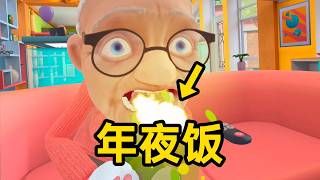 《年夜饭》| I AM CAT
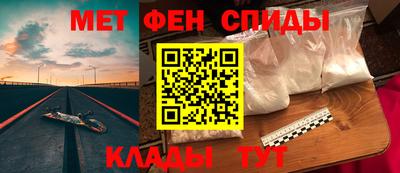 альфа пвп VHQ Будённовск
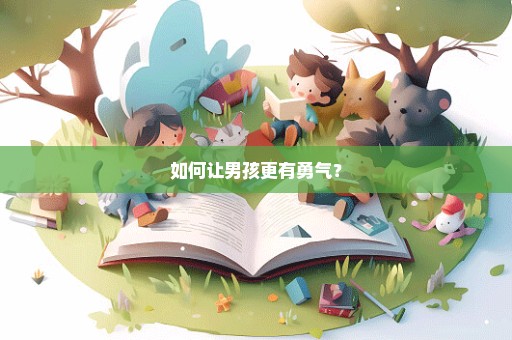 如何让男孩更有勇气？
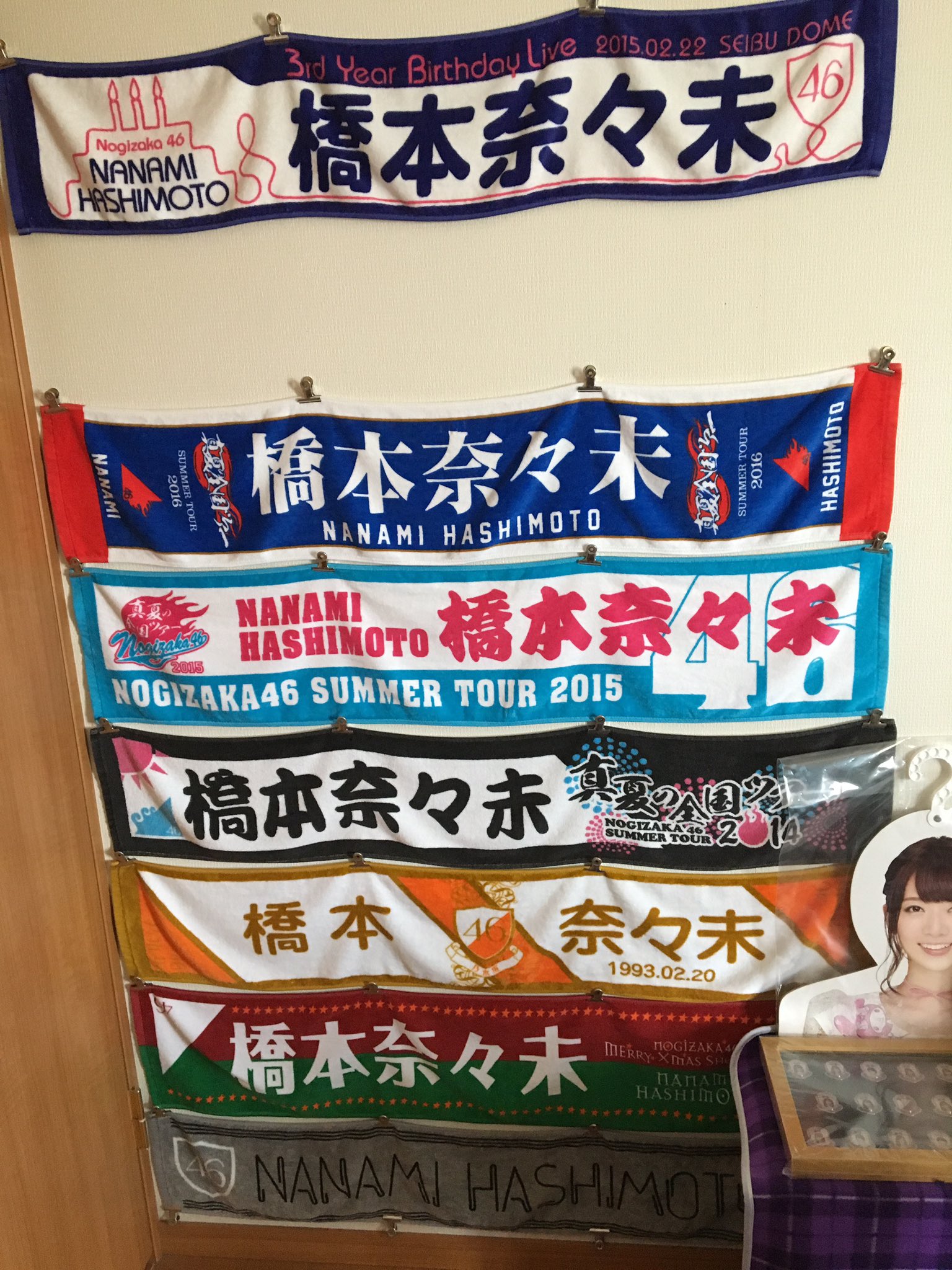 同梱可】良品 アイドル 乃木坂46 橋本奈々未 マフラータオル 真夏の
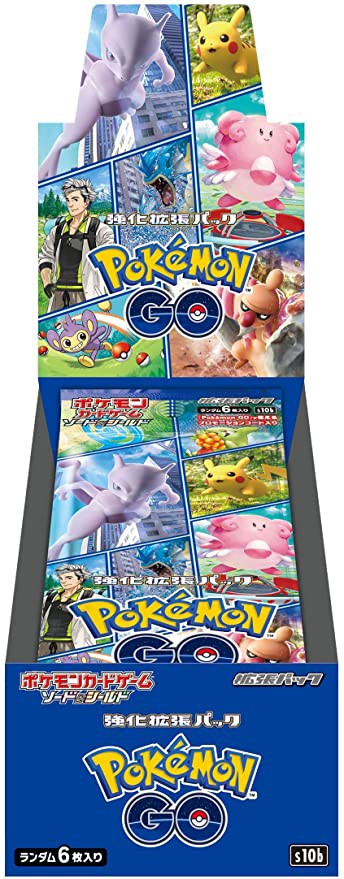 ポケモンカードゲーム ソード＆シールド 強化拡張パック「Pokemon GO 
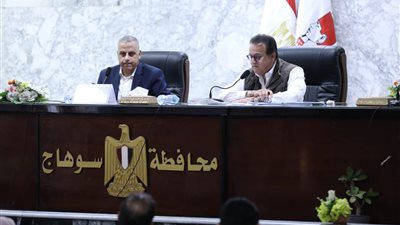 وزير الصحة يناقش مع أعضاء مجلسي الشيوخ والنواب بسوهاج مطالب أهالي المحافظة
-=-=-
**Problem to solve:** Please give all of the data again, exact and free of pictures.

**Response for this exercise:**
 《年夜饭》| I AM CAT
 альфа пвп VHQ Будённовск
 如何让男孩更有勇气？
 同梱可】良品 アイドル 乃木坂46 橋本奈々未 マフラータオル 真夏の
 ポケモンカードゲーム ソード＆シールド 強化拡張パック「Pokemon GO 
 وزير الصحة يناقش مع أعضاء مجلسي الشيوخ والنواب بسوهاج مطالب أهالي المحافظة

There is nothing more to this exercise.